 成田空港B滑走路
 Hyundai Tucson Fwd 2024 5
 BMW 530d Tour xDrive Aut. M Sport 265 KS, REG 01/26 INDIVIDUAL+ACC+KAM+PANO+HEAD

# # #

__Action item__
Print each line of the data exactly as it was written.

__Written reply__
 成田空港B滑走路
 Hyundai Tucson Fwd 2024 5
 BMW 530d Tour xDrive Aut. M Sport 265 KS, REG 01/26 INDIVIDUAL+ACC+KAM+PANO+HEAD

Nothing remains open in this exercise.